Contact:

Sarah Ray

802-443-5794

sray@middlebury.edu

Posted: January 9, 2002

MIDDLEBURY,

VT - Middlebury College has established a Portuguese

Language School, which will open in the summer of 2003. As

Middlebury’s ninth language school, it will be the

first new summer program since the Arabic School was

inaugurated in 1982. The College will also offer its

undergraduate students beginner-level Portuguese during the

2002-2003 academic year, and plans to provide opportunities

to study abroad in Brazil starting in 2003.

According to

Michael Katz, Middlebury College dean of language schools

and schools abroad, recent data on Portuguese language

studies indicates there are approximately:

  • 200

    million speakers worldwide
  • 150

    language programs at United States institutions of higher

    education
  • 6,500

    undergraduate students taking courses in Portuguese in

    the United States
  • 500

    graduate students taking courses in Portuguese in the

    United States

Although

Portuguese is the world’s sixth most commonly spoken

language, at present there is only one summer program in the

United States devoted exclusively to its study.

In Brazil,

where Portuguese is the primary language, close to 170

million people make up the world’s sixth largest

population. It ranks fifth in size, has the eighth largest

economy, and is the United States’ largest trading

partner in South America.

“Portugal

itself is a cultural and historic jewel, a vital member of

the European Union, and an important ally of the United

States.
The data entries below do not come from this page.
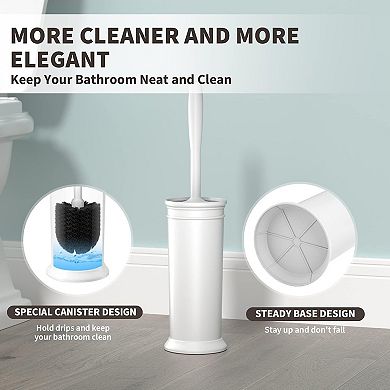 Toilet Brush, Toilet Bowl Brush, Extra Long Handle and Covered Holder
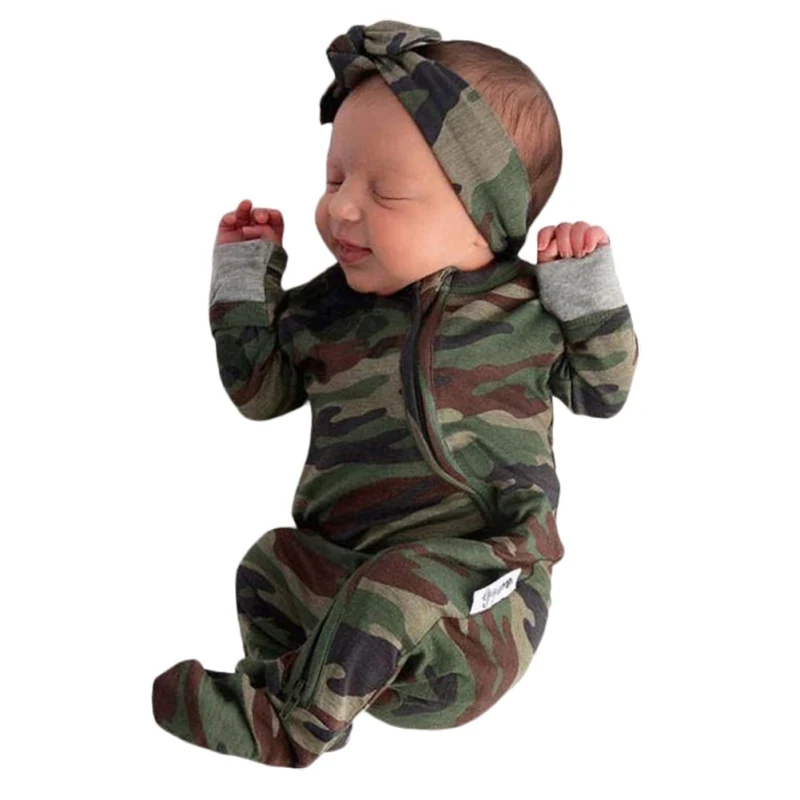 2Pcs Infant Toddlers Baby Boys Long Sleeve Camouflage One-piece Romper+Bow-Tie Headband Baby Clothing Outfits 0-9M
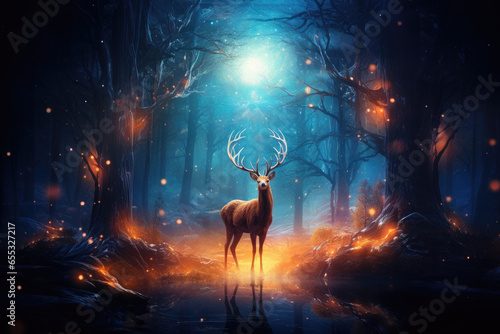 Magical fantasy background with a beautiful deer against the backdrop of a magical forest, beautiful lighting.Digital photography.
Portuguese is still widely used in many of its

former colonies in Africa and Asia,” said Katz.

During the

spring of 2002 Middlebury will recruit a director for the

Portuguese School. The director will spend the summer of

2002 observing the other eight language schools in

operation, meeting with staff and administrators, and

planning for the following year. The Portuguese School will

begin full operation in the summer of 2003 with

approximately 30 students. Undergraduate language

instruction will be offered in a seven-week program on three

levels— beginning, intermediate and advanced.

Last summer,

approximately 1,150 students came to Middlebury to

participate in the Arabic, Chinese, French, German, Italian,

Japanese, Russian and Spanish Language Schools.

During the

course of the Middlebury College Language schools’

86-year history, more than 36,000 students from all walks of

life—including more than 11,000 advanced degree

holders—have attended one or more of the schools.
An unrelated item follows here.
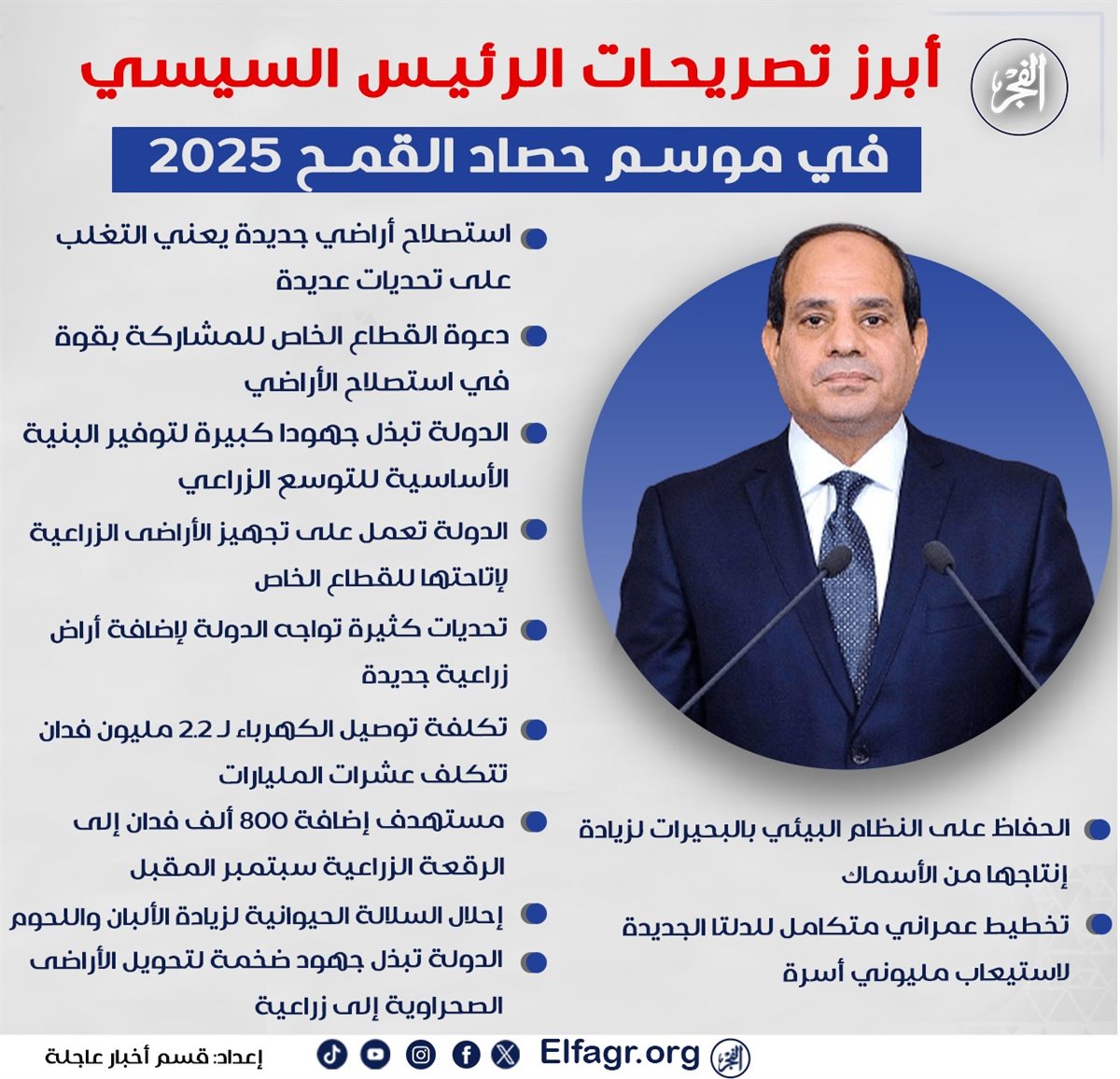 أبرز تصريحات الرئيس السيسي في موسم حصاد القمح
Corporate executives study side-by-side with writers,

journalists, doctors, lawyers, missionaries, government

officials and diplomats. Undergraduates and graduate

students from Middlebury College and other institutions also

attend the summer sessions to fulfill language requirements

or complete degrees.

Under the

guidance of approximately 200 faculty members from colleges

and universities throughout the world, students of all ages

and numerous nationalities live on campus, totally immersed

in their target language. Students eat, sleep, drink, and

shop the language they have come to study, and all agree to

abide by the Language Pledge, a formal commitment to speak

the language of study and no other for the entire summer

session.

Each summer,

the College offers three sessions for foreign languages: a

nine-week session for Arabic, Chinese, Japanese and Russian;

a seven-week session for French, German, Italian and

Spanish; and a six-week session for graduate-level French,

German, Italian, Russian and Spanish.